At this stage, there are no exact details of a launch date for the service. Or a cost. Or what shows will be among the first to debut. All that has been revealed is that Apple TV+ will roll out in the American fall (i.e. Australian spring).
The announcement came nearly two years after Apple first indicated it would dive into the scripted television market, with the company spending over $1 billion on 20+ shows.
Some of the series confirmed (and included in a sizzle reel screened at Monday's event) are:
Amazing Stories: a revival of the Steven Spielberg series that aired in the late 1980s, this adventure and fantasy anthology series will be overseen by Once Upon a Time's Edward Kitsis and Adam Horowitz.
The Morning Show: as the title suggests, this comedy series, which has already been picked up for two seasons, focuses on the behind-the-scenes action at a morning TV show, and stars Reese Witherspoon, Jennifer Aniston and Steve Carell.
Little America: based on the series of articles in Epic magazine about the experience of immigrants in the US, this eight-episode anthology series will be written by Kumal Nanjiani and Emily V. Gordon, who were nominated for an Oscar for The Big Sick.

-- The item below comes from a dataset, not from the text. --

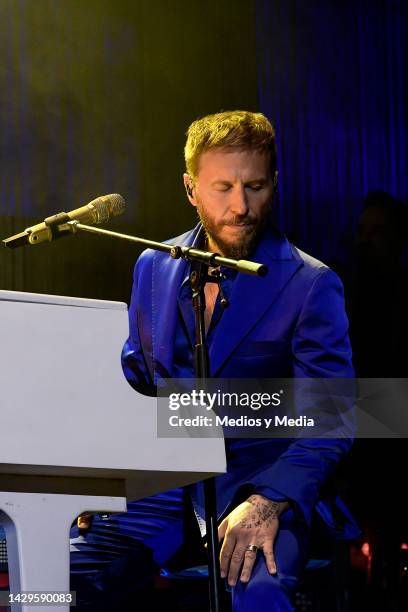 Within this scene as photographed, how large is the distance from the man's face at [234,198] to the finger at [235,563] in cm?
105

See: set hundred of years after a disaster swept the planet, leaving only a few million survivors, all of them blind, this post-apocalyptic epic will star Jason Momoa and Alfre Woodard.

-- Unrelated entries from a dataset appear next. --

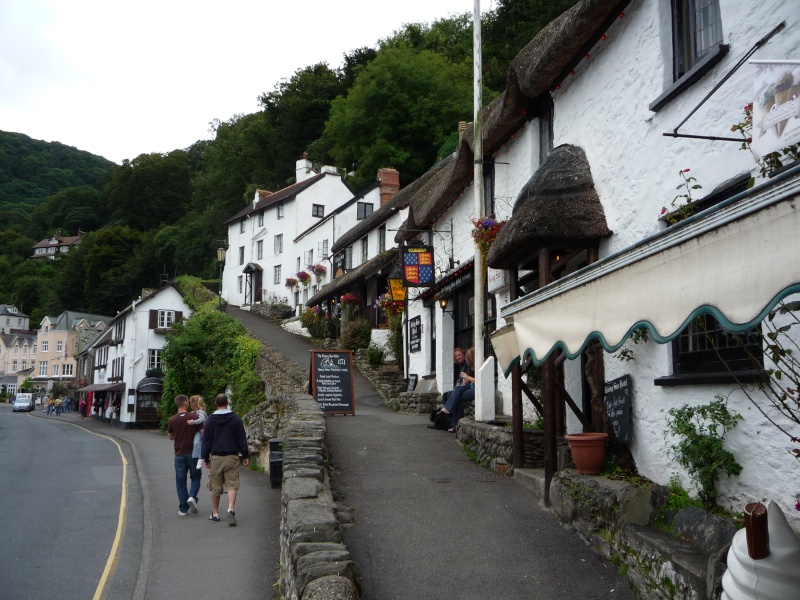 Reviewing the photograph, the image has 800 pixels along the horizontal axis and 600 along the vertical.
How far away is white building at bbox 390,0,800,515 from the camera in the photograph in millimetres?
3627

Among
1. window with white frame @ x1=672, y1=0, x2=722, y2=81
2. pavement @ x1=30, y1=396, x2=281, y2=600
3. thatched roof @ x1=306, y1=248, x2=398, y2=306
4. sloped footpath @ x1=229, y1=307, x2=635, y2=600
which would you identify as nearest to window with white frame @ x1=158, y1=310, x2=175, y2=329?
thatched roof @ x1=306, y1=248, x2=398, y2=306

Little Voice: taking its name from the debut album by Sara Bareilles, this half-hour series follows a woman in her 20s who finds her voice through music and will feature original songs by Bareilles.
Oprah Winfrey documentaries: as part of an all-encompassing deal with Apple, the TV icon is working on two docos: Toxic Labor, about toxic work environments, and an untitled piece about mental health.